**Work required:**
Leaving the pictures aside, return all of the data below exactly.

**Provided entries:**
--- --- ---
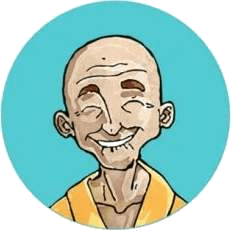 Application Petit Bambou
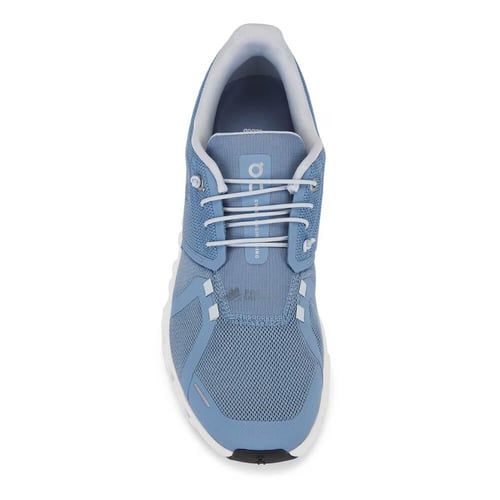 On Running Cloud 5 – Blue / White
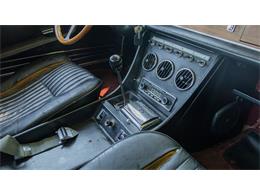 1967 Ferrari 330 GTC (CC-2116748) for sale in Stratford, Connecticut
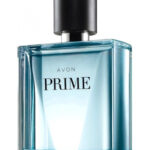 Image for Prime Avon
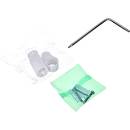 IP камера Hikvision DS-2CD2083G2-I(2.8mm)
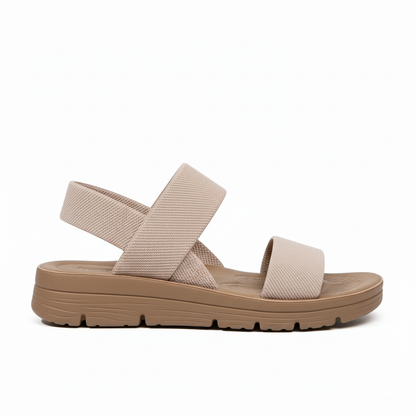 Damen Orthopädische Sandalen - Norvielle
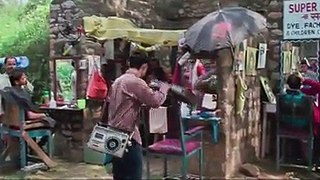 'Love is a Waste of Time' FULL VIDEO SONG - PK - Aamir Khan - Anushka Sharma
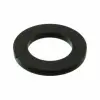 16FW375062B thumb 0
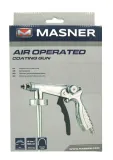 k2-masner-pistolet-do-konserwacji-profili-wezyk-numer-katalogowy-producenta-l6520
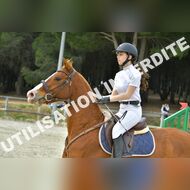 PR2_1727_Gramont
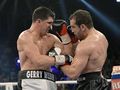 Marco Huck (118).jpg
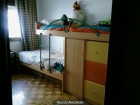 urge por mudanza - mejor precio | unprecio.es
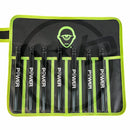 GOG POWER Kit - 7 Inserts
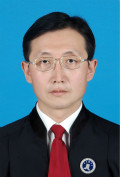 李胜利律师个人网站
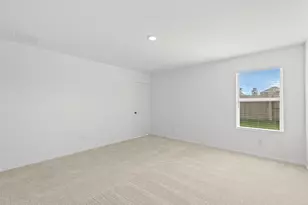 214 Farray Forest Ln, Magnolia, TX 77354 - Photo 12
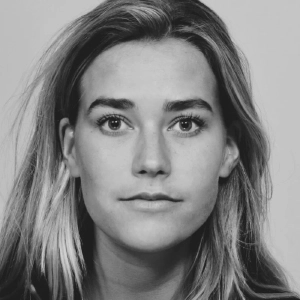 Myrthe Zondag - Communications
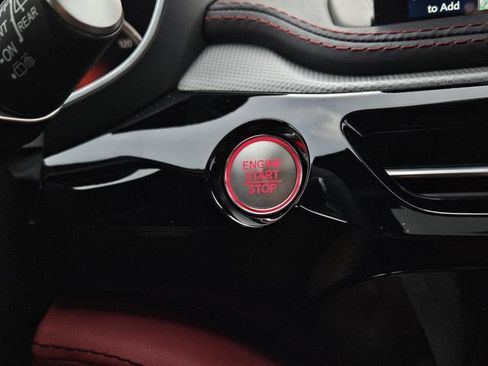 New 2026 Acura MDX A-Spec image 25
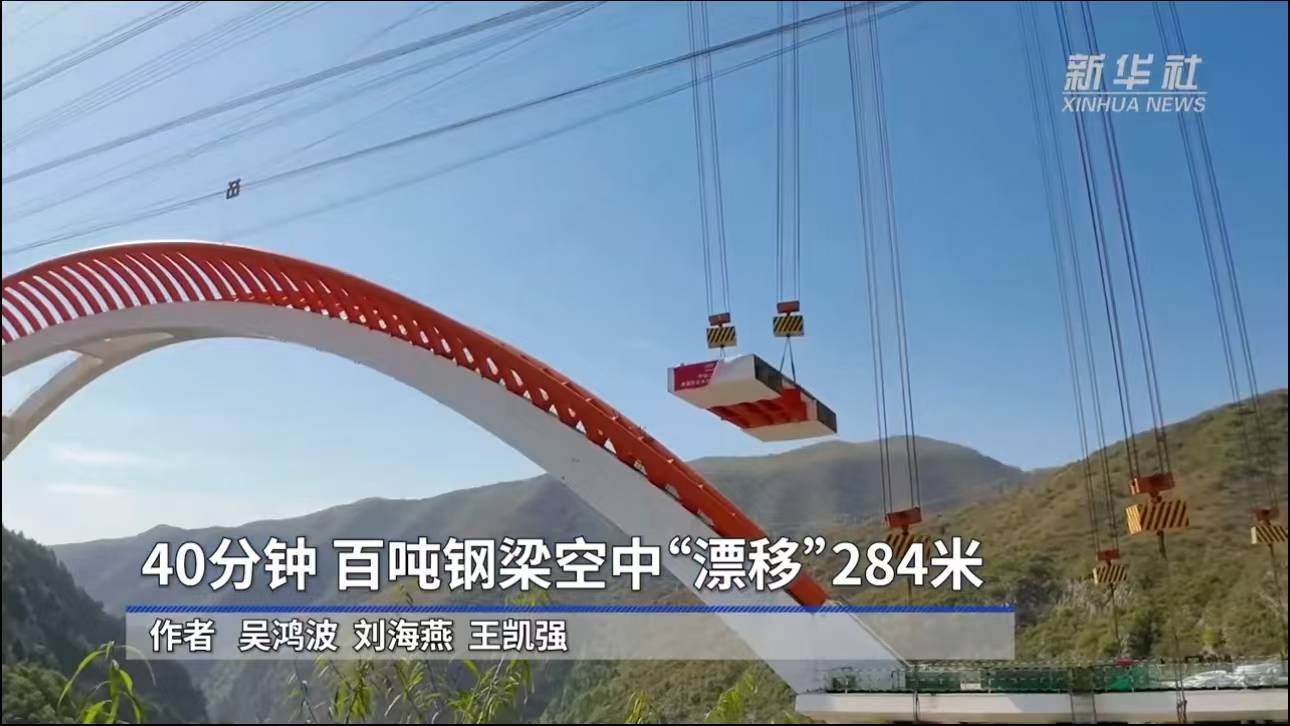 威客电竞·(中国)VK GAMING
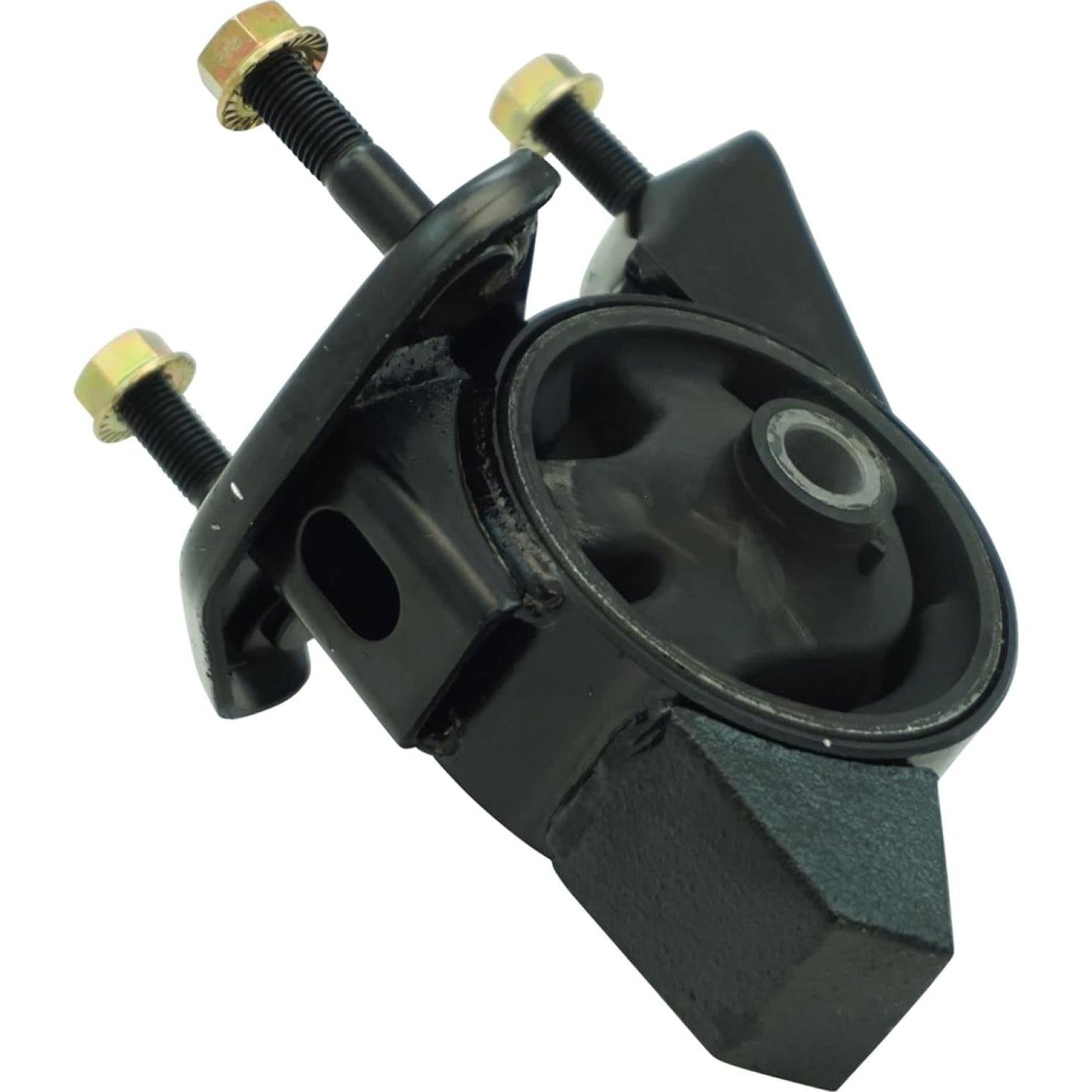 Soporte de Motor TRQ MTA34267 para Toyota Corolla 1998-2002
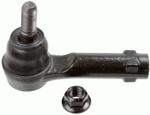 LEMFÖRDER Cap De Bara Axa Fata Dreapta 3805701 Mazda Cx-5 (3805701)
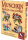 Munchkin: Misch oder Stirb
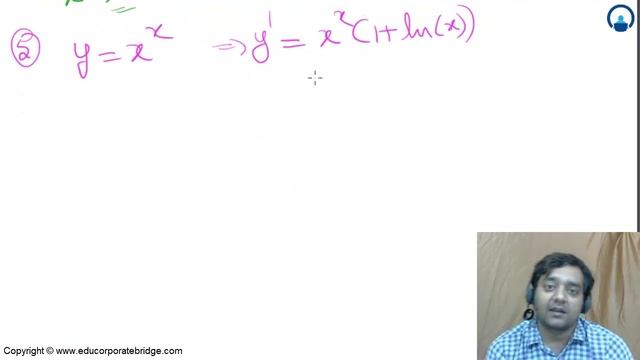 Application of Derivatives   Part 60  Curve Sketching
--- --- ---
**Reply to the task:**
 Application Petit Bambou
 On Running Cloud 5 – Blue / White
 1967 Ferrari 330 GTC (CC-2116748) for sale in Stratford, Connecticut
 Image for Prime Avon
 IP камера Hikvision DS-2CD2083G2-I(2.8mm)
 Damen Orthopädische Sandalen - Norvielle
 'Love is a Waste of Time' FULL VIDEO SONG - PK - Aamir Khan - Anushka Sharma
 16FW375062B thumb 0
 k2-masner-pistolet-do-konserwacji-profili-wezyk-numer-katalogowy-producenta-l6520
 PR2_1727_Gramont
 Marco Huck (118).jpg
 urge por mudanza - mejor precio | unprecio.es
 GOG POWER Kit - 7 Inserts
 李胜利律师个人网站
 214 Farray Forest Ln, Magnolia, TX 77354 - Photo 12
 Myrthe Zondag - Communications
 New 2026 Acura MDX A-Spec image 25
 威客电竞·(中国)VK GAMING
 Soporte de Motor TRQ MTA34267 para Toyota Corolla 1998-2002
 LEMFÖRDER Cap De Bara Axa Fata Dreapta 3805701 Mazda Cx-5 (3805701)
 Munchkin: Misch oder Stirb
 Application of Derivatives   Part 60  Curve Sketching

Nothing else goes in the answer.